Par Céline Boisseau, chargée de missions relations internationales à l'INPI

La transposition en droit français de la directive (UE) 2015/2435 du 16 décembre 2015 rapprochant les législations des États membres sur les marques vient bouleverser au sein du Code de la propriété intellectuelle un certain nombre de dispositions relatives à la contrefaçon.

En la matière, l’ordonnance n° 2019-1169 du 13 novembre 2019, entrée en vigueur le
11 décembre suivant, entraîne une évolution particulièrement notable s’agissant des atteintes portées aux marques de renommée, dès lors que celles-ci sont désormais sanctionnées au titre d’une action en contrefaçon.

Pour mesurer l’ampleur de cette évolution, il convient de rappeler que l’article
L. 713- 5 du CPI, dans sa rédaction telle qu’issue de l’ordonnance n°2008-1301 du 11 décembre 2008, prévoyait, dans un premier alinéa, que
la reproduction ou l'imitation d'une marque jouissant d'une renommée pour des produits ou services non similaires à ceux désignés dans l'enregistrement engageait la responsabilité civile de son auteur si elle était de nature à porter préjudice au propriétaire de la marque ou si cette reproduction ou imitation constituait une exploitation injustifiée de cette dernière.

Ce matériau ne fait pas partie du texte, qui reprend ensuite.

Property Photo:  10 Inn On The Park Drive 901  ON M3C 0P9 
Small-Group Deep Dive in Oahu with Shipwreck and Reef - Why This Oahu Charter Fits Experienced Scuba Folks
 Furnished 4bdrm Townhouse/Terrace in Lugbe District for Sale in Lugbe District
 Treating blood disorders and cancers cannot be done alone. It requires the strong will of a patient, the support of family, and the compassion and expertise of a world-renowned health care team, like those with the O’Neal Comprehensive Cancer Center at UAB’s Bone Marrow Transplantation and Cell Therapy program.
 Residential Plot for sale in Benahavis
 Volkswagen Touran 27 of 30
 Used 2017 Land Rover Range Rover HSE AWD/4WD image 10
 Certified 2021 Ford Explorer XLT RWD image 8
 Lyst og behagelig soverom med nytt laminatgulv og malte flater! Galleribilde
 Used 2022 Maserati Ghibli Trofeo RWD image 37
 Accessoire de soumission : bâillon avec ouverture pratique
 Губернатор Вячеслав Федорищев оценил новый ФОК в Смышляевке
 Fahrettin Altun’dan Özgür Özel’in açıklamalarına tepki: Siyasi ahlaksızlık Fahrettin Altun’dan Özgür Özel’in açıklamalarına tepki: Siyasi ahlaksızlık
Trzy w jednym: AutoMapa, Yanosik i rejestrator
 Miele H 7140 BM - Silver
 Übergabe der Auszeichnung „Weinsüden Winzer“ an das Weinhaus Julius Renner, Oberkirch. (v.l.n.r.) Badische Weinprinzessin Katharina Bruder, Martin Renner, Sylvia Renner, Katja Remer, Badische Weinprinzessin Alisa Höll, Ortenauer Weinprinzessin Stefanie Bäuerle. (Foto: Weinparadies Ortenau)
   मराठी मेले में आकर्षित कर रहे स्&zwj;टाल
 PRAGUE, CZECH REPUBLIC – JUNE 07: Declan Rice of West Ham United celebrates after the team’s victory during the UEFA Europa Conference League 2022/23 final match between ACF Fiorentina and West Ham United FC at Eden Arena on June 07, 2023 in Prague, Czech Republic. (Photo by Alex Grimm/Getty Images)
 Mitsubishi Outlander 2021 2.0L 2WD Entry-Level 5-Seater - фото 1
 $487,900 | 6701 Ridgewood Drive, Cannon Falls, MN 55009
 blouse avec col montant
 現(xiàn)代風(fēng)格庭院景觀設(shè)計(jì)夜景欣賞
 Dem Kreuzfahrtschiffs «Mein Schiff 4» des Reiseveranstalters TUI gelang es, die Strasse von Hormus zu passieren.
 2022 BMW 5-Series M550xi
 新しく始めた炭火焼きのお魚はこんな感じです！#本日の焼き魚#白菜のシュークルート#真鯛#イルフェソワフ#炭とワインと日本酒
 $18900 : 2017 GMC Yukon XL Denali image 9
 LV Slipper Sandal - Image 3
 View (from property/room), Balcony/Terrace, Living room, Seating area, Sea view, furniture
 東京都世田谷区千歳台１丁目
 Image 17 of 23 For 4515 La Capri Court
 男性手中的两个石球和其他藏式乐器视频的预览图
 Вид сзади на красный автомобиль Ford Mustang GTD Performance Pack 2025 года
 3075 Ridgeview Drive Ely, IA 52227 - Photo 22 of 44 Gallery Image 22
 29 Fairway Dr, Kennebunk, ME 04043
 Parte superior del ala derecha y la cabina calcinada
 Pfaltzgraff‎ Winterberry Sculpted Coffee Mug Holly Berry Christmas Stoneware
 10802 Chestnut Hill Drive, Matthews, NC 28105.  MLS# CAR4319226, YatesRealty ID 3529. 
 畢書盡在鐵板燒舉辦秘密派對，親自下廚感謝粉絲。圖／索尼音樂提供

Ainsi, en dehors de leur spécialité, les marques renommées étaient auparavant protégées par une action en responsabilité civile, soit une action spécifique non fondée sur le droit exclusif conféré par la marque.

Il en va tout autrement du nouvel article L. 716-4 du CPI, lequel vient explicitement inclure dans le champ de la contrefaçon la violation des dispositions de l’article L. 713-3 du CPI, précisant qu’ « Est interdit, sauf autorisation du titulaire de la marque, l'usage dans la vie des affaires, pour des produits ou des services, d'un signe identique ou similaire à la marque jouissant d'une renommée et utilisé pour des produits ou des services identiques, similaires ou non similaires à ceux pour lesquels la marque est enregistrée, si cet usage du signe, sans juste motif, tire indûment profit du caractère distinctif ou de la renommée de la marque, ou leur porte préjudice ».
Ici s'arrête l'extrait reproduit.